Yo soy Maín, el héroe del poema,
que vio, desde los círculos del día,
regir el mundo una embriaguez y un llanto.

¡Armonía! ¡Oh profunda, oh abscóndita Armonía!

Y velaré mi arduo pensamiento
sotto il velame degli versi strani,
fastuoso, de pompas seculares;
perfecta en sí la estrofa del lamento
y a impulso de los ritmos estelares.

Columpia el mar su cauda nacarina,
e imbuida en la clámide del río
pasa en la bruma fúlgida la carne de la ondina.
Grana el campo nutricio, fluyen mieles,
una deidad inflama las horas con su llama
y loa el día azul un coro de donceles.

Romero: ¿no rebosa el corazón
por la noche de sombras evocadas,
por la tierra de arrugas trabajadas,
del Tiempo y el Espacio la múltiple emoción?

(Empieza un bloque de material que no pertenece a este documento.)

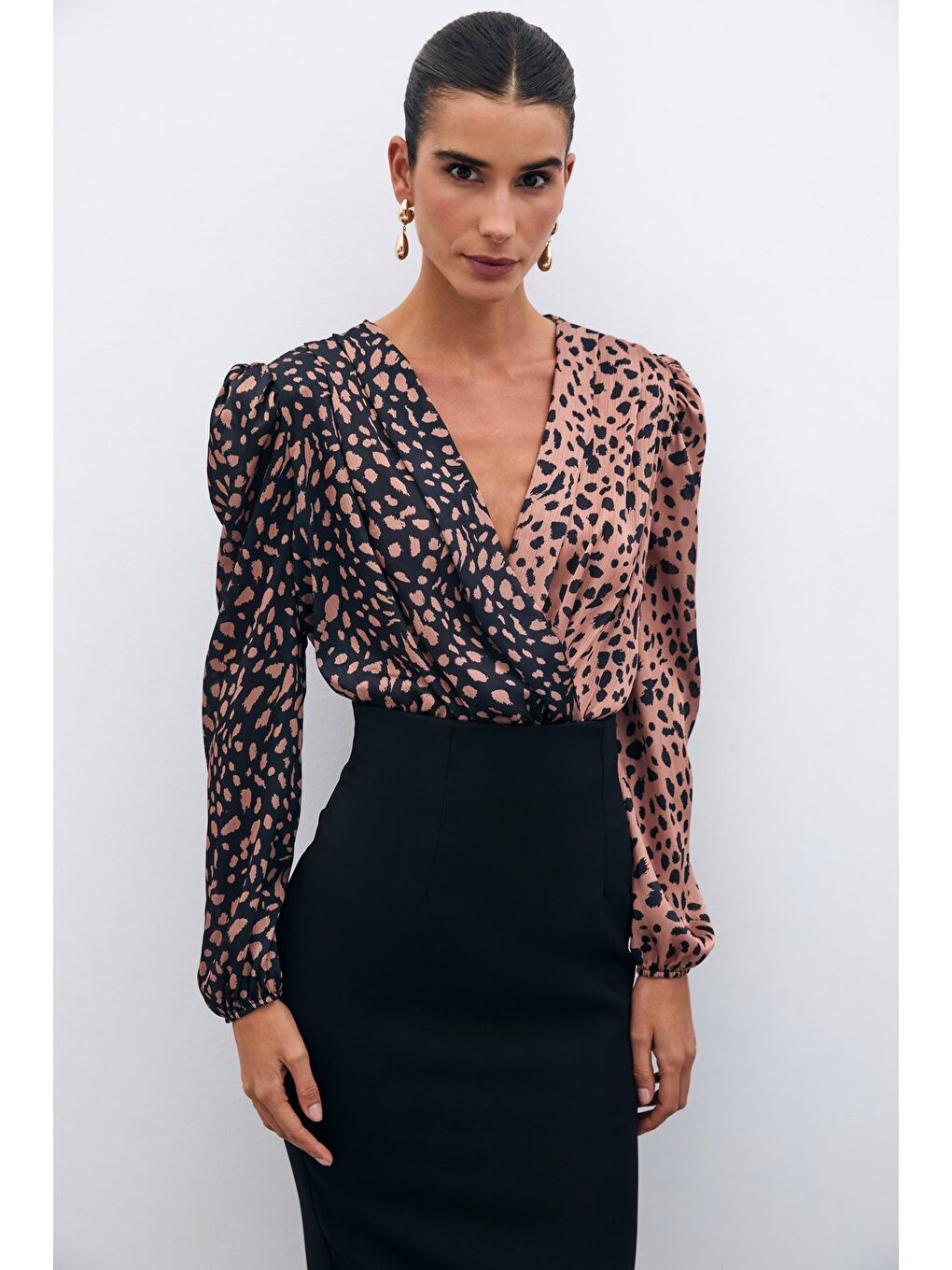 Kruvaze Desenli Bodysuit - Siyah-Camel-3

Brilla en las lejanías invioladas
vaga ciudad, e! viento da en los juncos,
los juncos gimen bajo el viento rudo...
Romero, ¡que se vierta el corazón!
y la ternura y la tristeza mía
canten en el crepúsculo: ¡Armonía!
Yo, Rey del reino estéril de las lágrimas,
yo, Rey del reino vacuo de las rimas,
con mis canciones ebrias
que un son nocturno hechiza
y con mis voces pávidas,
anuncio las cavernas del Enigma.
En mis siete dolores primarios se resume,
como en alejandrino paradigma,
la escala del dolor que el mal asume.

Tenebrosa, recóndita Armonía...

Mi numen, fuerte, no es aquel tan puro
como el cerrado corazón de un monte;
pero sobre sus ruinas de inocencias
haré brillar, ebrio del dolor puro,
una gota de luz del corazón del monte.